## Data below

════

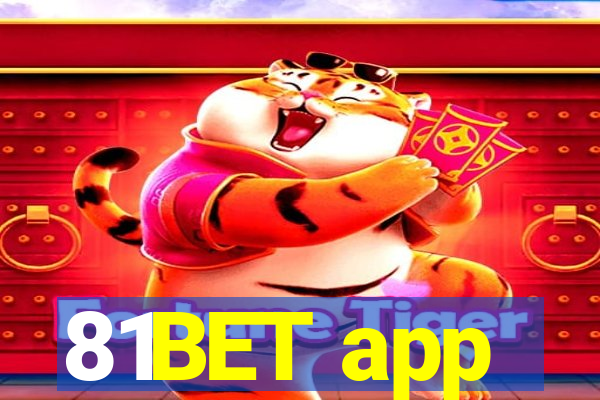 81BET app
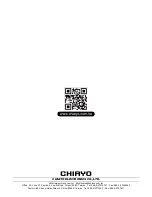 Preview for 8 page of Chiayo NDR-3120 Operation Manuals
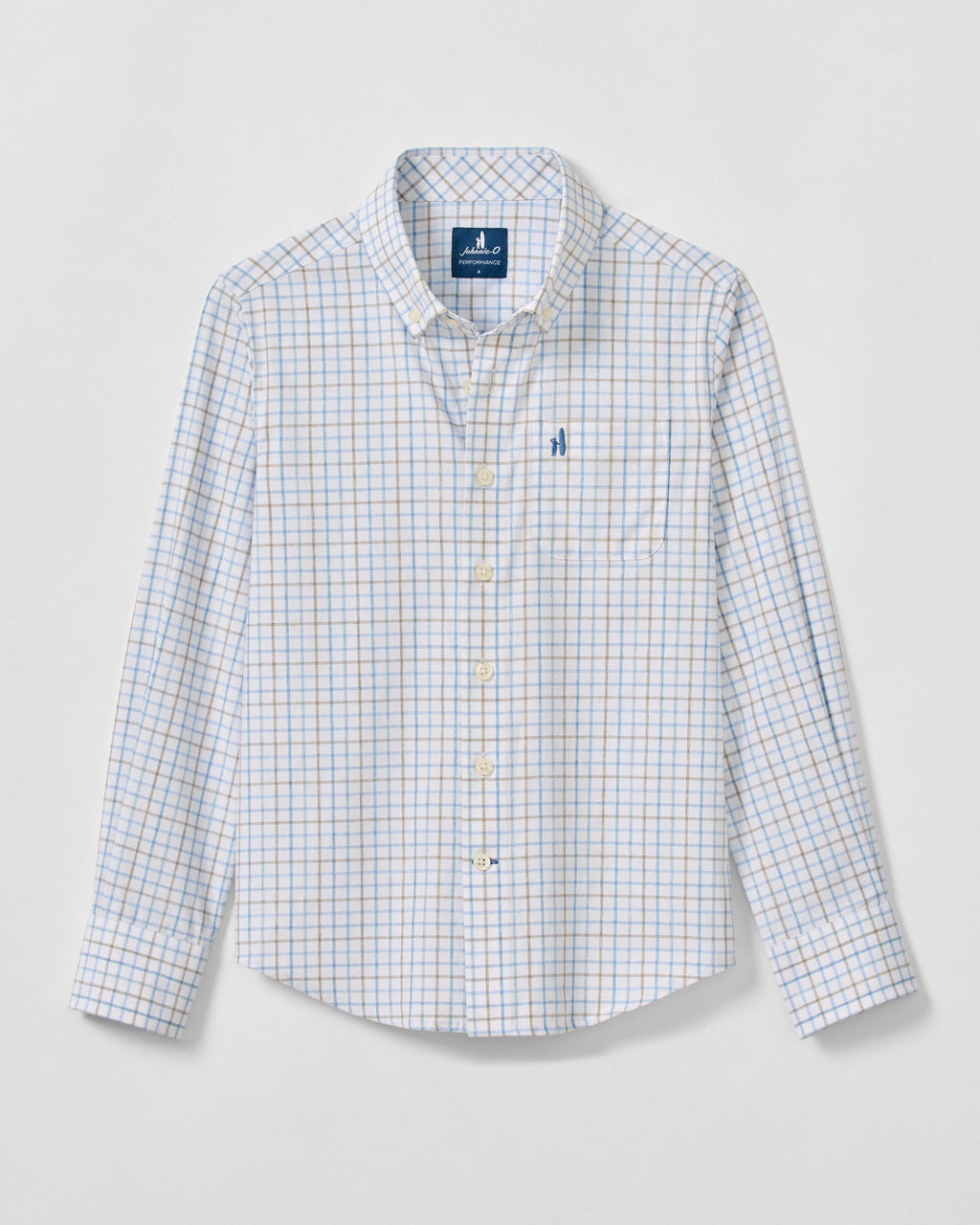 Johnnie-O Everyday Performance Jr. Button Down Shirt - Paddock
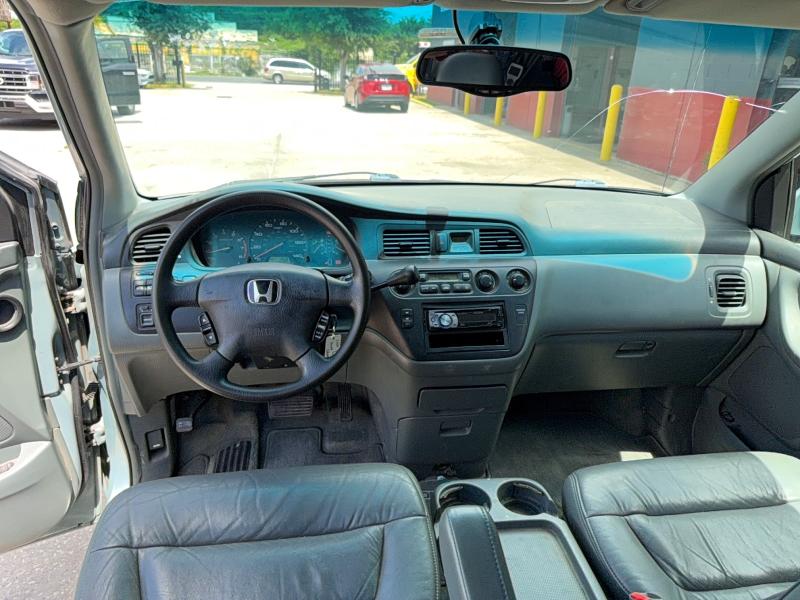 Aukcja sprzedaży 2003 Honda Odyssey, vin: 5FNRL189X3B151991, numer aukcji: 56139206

════

## Work request
Return the material in full and unaltered, minus its pictures.

## Answer box
 81BET app
 Preview for 8 page of Chiayo NDR-3120 Operation Manuals
 Johnnie-O Everyday Performance Jr. Button Down Shirt - Paddock
 Aukcja sprzedaży 2003 Honda Odyssey, vin: 5FNRL189X3B151991, numer aukcji: 56139206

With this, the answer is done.